#### [Requirement]
Repeat the entries below exactly as they appear, with no pictures.

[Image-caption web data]
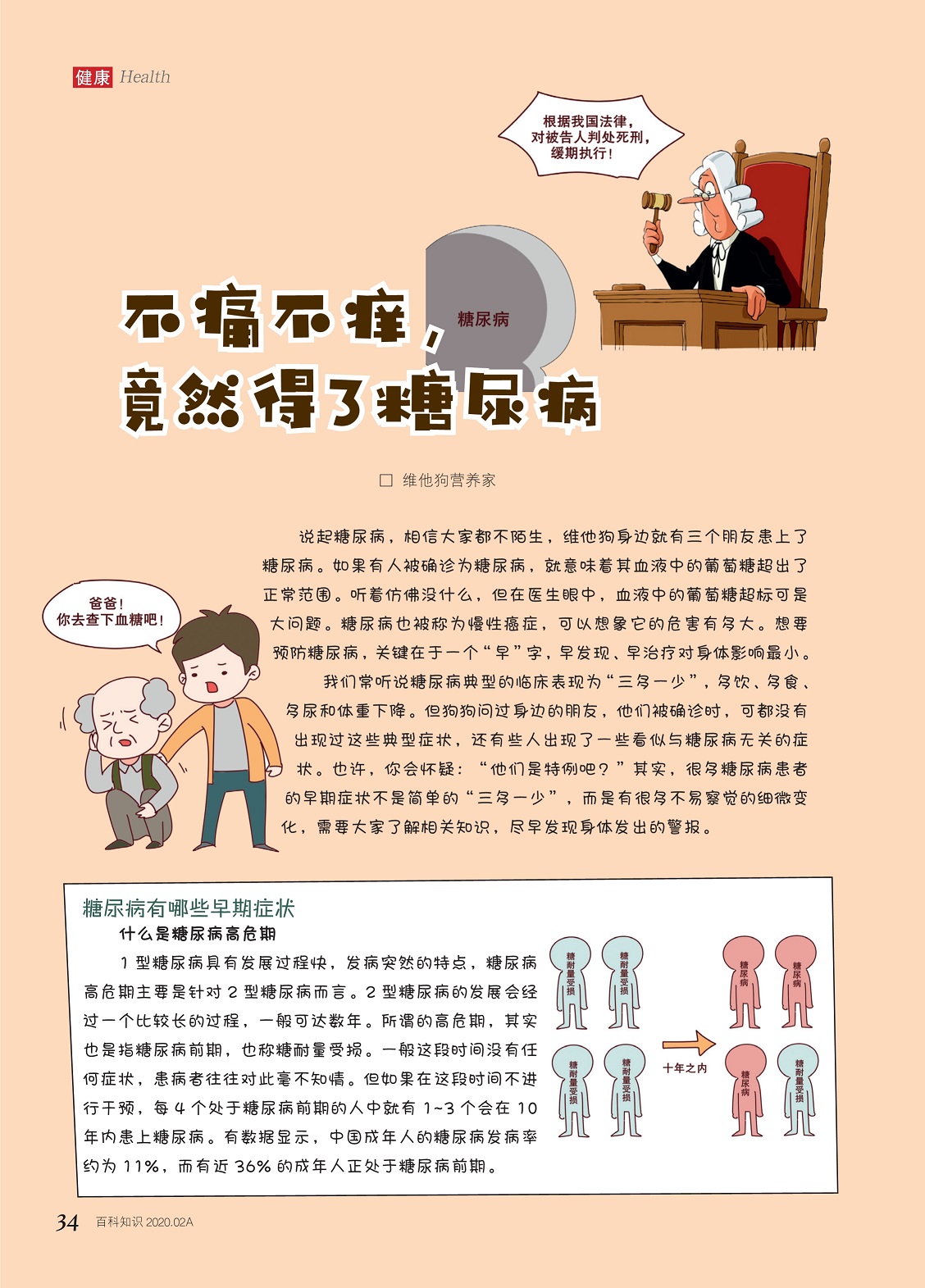 太阳城娱乐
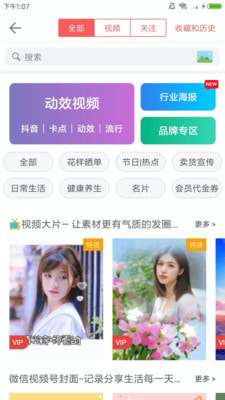 微商水印Pro软件免费图2
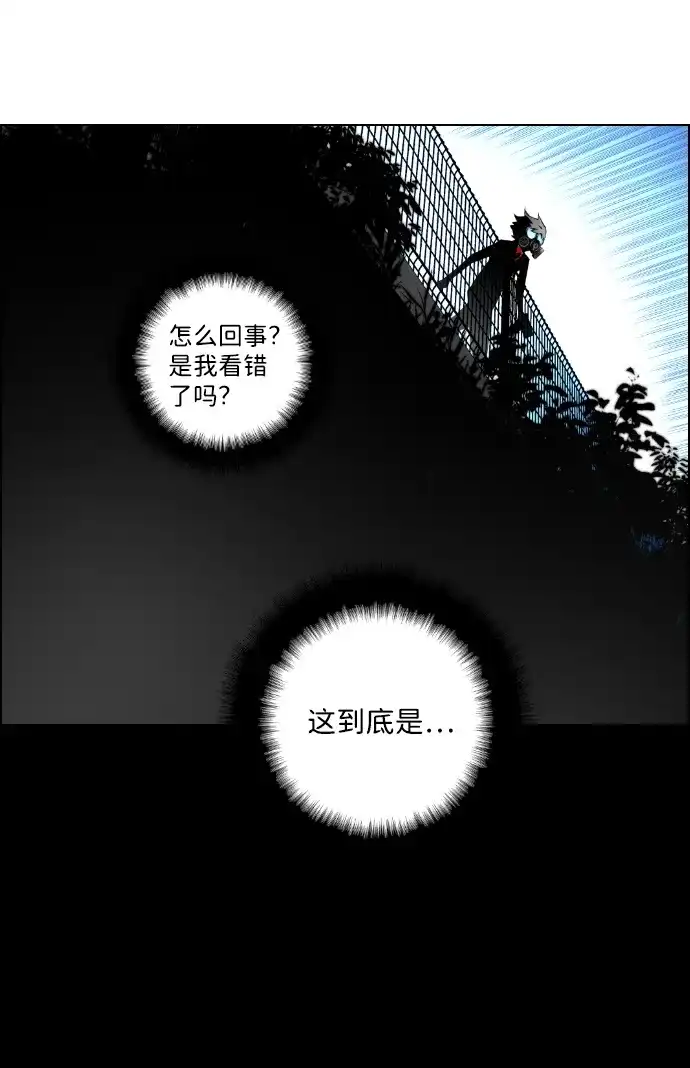 《极限拯救》第27话 第53页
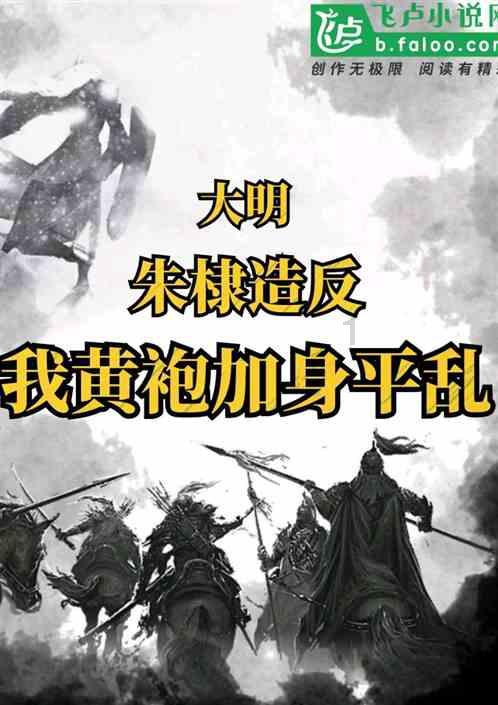天堂的烦恼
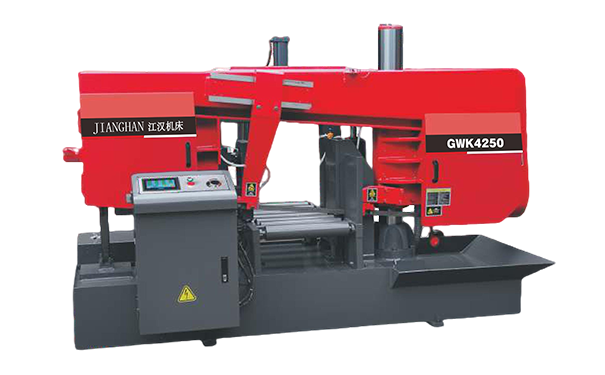 江州GWK4250卧式带锯床（型材专切）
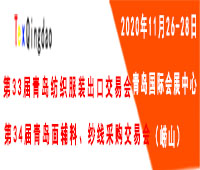 2020第34届青岛面辅料、纱线采购交易会(秋季)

#### [Exercise response]
 太阳城娱乐
 微商水印Pro软件免费图2
 《极限拯救》第27话 第53页
天堂的烦恼
 江州GWK4250卧式带锯床（型材专切）
 2020第34届青岛面辅料、纱线采购交易会(秋季)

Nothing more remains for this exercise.